**TASK ITEM**: From the listing below, set down exactly the lines between the one holding "Third, users can" and the one holding "The missile knows", inclusive. No other line is wanted.

======== DATA FOR THIS TASK ========

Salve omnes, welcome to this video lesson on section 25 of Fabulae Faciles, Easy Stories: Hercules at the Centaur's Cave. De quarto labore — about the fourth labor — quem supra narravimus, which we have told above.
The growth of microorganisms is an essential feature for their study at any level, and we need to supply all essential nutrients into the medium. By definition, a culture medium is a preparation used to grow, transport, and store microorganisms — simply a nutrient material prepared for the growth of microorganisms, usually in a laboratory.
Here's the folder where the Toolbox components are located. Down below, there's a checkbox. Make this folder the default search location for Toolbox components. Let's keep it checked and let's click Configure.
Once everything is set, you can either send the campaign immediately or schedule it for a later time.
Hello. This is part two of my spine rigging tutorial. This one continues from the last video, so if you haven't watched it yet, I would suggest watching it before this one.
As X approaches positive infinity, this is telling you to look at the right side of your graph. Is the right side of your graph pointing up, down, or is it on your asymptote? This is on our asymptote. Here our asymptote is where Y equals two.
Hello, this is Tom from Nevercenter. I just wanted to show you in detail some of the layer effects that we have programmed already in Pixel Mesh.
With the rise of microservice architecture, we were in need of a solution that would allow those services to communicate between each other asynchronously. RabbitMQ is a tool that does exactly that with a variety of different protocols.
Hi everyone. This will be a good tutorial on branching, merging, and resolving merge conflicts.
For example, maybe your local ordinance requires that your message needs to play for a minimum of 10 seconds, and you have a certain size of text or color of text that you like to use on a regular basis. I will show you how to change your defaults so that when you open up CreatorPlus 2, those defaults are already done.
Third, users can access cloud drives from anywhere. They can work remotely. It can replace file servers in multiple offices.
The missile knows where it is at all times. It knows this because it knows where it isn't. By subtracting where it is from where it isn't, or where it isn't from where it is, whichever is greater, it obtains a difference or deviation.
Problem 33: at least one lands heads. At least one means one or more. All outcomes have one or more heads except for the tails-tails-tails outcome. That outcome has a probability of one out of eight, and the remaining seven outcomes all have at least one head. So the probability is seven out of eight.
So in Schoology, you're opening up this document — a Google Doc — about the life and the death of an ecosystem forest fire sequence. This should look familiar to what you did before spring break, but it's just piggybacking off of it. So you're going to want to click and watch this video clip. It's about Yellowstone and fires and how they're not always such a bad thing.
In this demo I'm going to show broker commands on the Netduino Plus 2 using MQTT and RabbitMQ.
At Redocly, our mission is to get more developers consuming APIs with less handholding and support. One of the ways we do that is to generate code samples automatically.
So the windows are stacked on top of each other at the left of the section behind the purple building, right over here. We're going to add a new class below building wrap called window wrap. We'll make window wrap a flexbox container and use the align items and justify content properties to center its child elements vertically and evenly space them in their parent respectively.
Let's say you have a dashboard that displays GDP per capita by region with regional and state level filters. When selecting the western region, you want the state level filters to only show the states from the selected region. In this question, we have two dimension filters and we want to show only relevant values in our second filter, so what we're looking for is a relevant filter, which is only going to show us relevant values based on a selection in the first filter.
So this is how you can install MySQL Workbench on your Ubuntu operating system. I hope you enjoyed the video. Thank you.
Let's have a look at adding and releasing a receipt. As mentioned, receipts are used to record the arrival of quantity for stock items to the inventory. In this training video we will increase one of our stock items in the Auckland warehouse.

========

**RESPONSE FOR THIS EXERCISE**:
Third, users can access cloud drives from anywhere. They can work remotely. It can replace file servers in multiple offices.
The missile knows where it is at all times. It knows this because it knows where it isn't. By subtracting where it is from where it isn't, or where it isn't from where it is, whichever is greater, it obtains a difference or deviation.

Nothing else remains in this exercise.